» WORK ITEM
Return, exactly and in full, the lines of the records below starting at the one with "Причины старения мозга" and ending at the one with "Best Water damage", and no other lines.

» DATA PROVIDED
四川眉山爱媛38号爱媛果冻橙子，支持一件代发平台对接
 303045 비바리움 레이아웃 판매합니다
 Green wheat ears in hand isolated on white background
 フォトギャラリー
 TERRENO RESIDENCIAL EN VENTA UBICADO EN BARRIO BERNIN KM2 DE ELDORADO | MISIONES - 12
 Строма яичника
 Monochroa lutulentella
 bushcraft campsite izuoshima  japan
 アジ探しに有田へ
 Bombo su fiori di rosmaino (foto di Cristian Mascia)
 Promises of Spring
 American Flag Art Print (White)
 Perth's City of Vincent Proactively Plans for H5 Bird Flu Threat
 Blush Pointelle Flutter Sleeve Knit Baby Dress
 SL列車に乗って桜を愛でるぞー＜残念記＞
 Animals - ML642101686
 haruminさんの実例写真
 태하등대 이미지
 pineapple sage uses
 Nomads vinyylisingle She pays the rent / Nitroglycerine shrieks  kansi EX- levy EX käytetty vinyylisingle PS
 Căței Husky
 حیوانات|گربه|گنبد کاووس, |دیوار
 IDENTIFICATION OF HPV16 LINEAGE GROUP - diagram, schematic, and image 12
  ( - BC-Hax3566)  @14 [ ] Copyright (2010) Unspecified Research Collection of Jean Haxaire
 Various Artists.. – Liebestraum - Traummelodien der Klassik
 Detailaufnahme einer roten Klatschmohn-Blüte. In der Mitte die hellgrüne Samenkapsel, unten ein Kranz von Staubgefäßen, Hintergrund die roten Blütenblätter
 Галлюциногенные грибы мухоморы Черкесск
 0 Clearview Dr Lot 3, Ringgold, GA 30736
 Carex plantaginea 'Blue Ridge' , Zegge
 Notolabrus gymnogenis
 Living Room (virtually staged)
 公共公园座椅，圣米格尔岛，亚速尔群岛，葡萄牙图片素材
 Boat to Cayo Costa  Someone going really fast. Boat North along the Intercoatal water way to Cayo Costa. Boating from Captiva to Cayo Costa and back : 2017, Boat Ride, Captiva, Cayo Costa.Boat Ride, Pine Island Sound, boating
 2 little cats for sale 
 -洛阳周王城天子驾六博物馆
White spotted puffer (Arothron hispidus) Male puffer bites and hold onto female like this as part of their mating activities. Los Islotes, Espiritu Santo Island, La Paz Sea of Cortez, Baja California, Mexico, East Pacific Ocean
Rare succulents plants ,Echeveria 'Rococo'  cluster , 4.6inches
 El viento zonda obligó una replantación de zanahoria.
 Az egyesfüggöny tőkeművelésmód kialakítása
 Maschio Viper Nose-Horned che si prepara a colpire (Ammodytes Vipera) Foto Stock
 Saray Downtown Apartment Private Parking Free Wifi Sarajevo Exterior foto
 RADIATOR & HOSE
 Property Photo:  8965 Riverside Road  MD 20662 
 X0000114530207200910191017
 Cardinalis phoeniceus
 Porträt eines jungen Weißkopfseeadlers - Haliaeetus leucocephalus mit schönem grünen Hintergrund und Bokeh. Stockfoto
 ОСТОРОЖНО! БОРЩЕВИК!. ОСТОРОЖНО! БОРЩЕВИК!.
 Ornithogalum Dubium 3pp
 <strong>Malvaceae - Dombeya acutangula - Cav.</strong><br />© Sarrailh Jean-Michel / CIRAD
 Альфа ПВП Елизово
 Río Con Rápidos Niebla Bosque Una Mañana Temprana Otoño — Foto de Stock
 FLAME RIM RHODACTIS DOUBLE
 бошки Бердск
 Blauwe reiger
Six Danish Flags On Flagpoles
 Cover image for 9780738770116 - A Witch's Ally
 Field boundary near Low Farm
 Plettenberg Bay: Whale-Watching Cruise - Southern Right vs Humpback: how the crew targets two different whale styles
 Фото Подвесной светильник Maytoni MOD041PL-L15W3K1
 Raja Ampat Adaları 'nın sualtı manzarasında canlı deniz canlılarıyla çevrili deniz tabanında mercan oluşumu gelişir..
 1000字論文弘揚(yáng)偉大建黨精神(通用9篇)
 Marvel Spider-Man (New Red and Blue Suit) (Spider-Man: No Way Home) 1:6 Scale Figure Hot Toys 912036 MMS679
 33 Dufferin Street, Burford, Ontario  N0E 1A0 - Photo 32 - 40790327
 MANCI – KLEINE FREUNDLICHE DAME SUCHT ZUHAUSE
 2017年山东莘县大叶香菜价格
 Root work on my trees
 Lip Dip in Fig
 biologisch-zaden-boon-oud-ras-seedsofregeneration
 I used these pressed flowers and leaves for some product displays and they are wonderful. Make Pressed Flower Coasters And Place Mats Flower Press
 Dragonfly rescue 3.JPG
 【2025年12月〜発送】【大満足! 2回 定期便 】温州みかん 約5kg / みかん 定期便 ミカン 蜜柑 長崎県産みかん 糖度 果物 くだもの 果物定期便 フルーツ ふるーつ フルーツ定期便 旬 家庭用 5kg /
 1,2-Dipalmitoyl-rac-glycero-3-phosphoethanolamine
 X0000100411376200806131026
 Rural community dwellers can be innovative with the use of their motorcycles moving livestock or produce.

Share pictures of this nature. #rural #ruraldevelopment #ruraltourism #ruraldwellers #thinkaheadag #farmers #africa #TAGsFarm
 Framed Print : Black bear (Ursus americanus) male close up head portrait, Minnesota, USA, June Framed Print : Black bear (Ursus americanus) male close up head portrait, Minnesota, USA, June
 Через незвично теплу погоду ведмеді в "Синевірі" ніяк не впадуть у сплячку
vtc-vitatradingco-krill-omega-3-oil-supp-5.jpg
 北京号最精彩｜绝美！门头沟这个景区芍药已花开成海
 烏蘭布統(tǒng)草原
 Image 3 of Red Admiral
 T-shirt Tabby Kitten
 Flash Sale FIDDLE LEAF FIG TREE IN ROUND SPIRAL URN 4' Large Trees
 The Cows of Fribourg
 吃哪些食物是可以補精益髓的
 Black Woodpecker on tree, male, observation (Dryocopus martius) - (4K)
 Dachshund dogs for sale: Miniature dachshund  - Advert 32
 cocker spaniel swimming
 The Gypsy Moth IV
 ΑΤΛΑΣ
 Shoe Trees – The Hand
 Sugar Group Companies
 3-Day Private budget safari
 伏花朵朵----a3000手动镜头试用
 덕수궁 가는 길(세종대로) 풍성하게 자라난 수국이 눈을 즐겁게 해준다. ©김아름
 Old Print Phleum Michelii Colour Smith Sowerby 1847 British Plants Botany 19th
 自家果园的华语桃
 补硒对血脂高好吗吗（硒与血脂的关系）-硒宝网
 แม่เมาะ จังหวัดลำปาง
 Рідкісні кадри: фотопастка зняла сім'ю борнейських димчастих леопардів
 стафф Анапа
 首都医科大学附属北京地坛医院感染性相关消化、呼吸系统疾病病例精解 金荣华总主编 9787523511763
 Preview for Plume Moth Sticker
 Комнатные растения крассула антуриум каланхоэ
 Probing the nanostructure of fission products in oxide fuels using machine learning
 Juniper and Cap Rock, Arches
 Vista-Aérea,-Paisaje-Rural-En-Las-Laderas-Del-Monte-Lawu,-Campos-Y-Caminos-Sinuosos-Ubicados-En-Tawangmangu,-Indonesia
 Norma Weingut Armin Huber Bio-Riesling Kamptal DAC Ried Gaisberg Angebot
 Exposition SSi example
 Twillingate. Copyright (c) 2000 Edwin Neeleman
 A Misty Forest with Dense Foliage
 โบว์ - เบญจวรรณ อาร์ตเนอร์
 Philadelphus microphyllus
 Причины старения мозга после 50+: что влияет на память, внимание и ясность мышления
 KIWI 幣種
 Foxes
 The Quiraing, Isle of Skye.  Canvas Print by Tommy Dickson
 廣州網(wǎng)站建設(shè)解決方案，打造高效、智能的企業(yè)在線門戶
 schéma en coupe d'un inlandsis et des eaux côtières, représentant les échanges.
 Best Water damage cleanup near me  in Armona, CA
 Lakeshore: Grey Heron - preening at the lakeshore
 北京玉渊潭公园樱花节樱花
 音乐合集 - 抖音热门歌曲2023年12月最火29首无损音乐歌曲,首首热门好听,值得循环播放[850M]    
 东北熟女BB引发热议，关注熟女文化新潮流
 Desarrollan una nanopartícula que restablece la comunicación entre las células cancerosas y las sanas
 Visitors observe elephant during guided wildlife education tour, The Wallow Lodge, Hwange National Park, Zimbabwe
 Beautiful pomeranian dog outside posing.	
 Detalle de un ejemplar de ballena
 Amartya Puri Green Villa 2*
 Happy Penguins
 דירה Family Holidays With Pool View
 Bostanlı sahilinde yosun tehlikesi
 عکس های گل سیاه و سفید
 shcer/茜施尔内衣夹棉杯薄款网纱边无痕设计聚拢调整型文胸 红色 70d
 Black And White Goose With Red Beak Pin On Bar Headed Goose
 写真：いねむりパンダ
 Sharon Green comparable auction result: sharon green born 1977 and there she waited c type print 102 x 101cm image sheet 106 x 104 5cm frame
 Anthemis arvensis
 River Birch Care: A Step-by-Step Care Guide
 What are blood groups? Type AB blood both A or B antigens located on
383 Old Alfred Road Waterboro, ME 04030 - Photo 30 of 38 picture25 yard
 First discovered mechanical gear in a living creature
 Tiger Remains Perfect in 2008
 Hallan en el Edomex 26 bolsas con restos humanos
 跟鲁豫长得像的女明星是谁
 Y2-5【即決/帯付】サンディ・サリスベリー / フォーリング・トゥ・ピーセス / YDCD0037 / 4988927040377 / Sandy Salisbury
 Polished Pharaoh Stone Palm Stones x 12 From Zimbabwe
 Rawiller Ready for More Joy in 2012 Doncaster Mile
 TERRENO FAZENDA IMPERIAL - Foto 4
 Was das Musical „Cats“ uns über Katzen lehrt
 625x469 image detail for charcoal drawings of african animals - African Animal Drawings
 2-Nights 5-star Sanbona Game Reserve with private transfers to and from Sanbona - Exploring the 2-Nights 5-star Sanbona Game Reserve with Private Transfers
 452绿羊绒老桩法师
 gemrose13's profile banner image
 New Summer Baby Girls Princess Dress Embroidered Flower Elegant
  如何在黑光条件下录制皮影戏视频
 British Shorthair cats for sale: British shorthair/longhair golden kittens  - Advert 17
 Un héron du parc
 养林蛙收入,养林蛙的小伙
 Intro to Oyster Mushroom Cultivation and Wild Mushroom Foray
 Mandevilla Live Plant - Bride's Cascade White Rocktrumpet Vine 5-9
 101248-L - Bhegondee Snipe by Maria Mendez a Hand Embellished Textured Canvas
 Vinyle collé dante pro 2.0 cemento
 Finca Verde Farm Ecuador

» ANSWER SECTION
 Причины старения мозга после 50+: что влияет на память, внимание и ясность мышления
 KIWI 幣種
 Foxes
 The Quiraing, Isle of Skye.  Canvas Print by Tommy Dickson
 廣州網(wǎng)站建設(shè)解決方案，打造高效、智能的企業(yè)在線門戶
 schéma en coupe d'un inlandsis et des eaux côtières, représentant les échanges.
 Best Water damage cleanup near me  in Armona, CA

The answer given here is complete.